Take a probabilistic event. That’s an event where we don’t know how
it’s going to turn out. But we know enough to describe the set of possible outcomes. We can formulate a random variable for the basic idea of the event, or we can consider it in isolation, and use our knowledge of it to describe
the possible outcomes. A probability distribution describes the set of outcomes of some probabilistic event – and how likely each one is. A
probability distribution always has the property that if S in the set
of possible outcomes, and ∀s∈S:P(s) is the probability of outcome s, then Σs∈SP(s)=1 – which is really just another way
of saying that the probability distribution covers all possible outcomes.
In the last post, about random variables, I described a formal abstract
version of what we mean by “how likely” a given outcome is. From here on,
we’ll mainly use the informal version, where an outcome O with a probability
P(O)=1/N means that if watched the event N times, we’d expect to see O occur
once.
Probability distributions are incredibly important to understand statistics. If we know the type of distribution, we can make much stronger
statements about what a given statistic means. We can also do all
sorts of interesting things if we understand what the distributions look like.

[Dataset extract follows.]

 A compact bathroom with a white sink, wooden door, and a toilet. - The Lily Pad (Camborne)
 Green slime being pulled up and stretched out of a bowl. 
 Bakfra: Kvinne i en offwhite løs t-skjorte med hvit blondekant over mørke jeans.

For example, when people do work in computer networks, some of the key
concerns are called bandwidth and utilization. One of the really
interesting things about networks is that they’re not generally as fast
as we think they are. The bandwidth of a channel is the maximum amount of
information that can be transmitted through that channel in a given time. The utilization is the percentage of bandwidth actually being used at a particular moment. The utilization virtually never reaches 100%. In fact, on most networks, it’s much lower. The higher utilization gets, the harder it is for anyone else to use what’s left.
For different network protocols, the peak utilization – the amount of the bandwidth that can be used before performance starts to drop off – varies. There’s often a complex tradeoff. To give two extreme cases, you can build
a protocol in which there is a “token” associated with the right to transmit on the wire, and the token is passed around the machines in the network. This
guarantees that everyone will get a turn to transmit, and prevents more than one machine from trying to send at the same time. On the other hand, there’s a family of protocols (including ethernet) called “Aloha” protocols, where you
just transmit whenever you want to – but if someone else happens to be
transmitting at the same time, both of your messages will be corrupted, and will need to be resent.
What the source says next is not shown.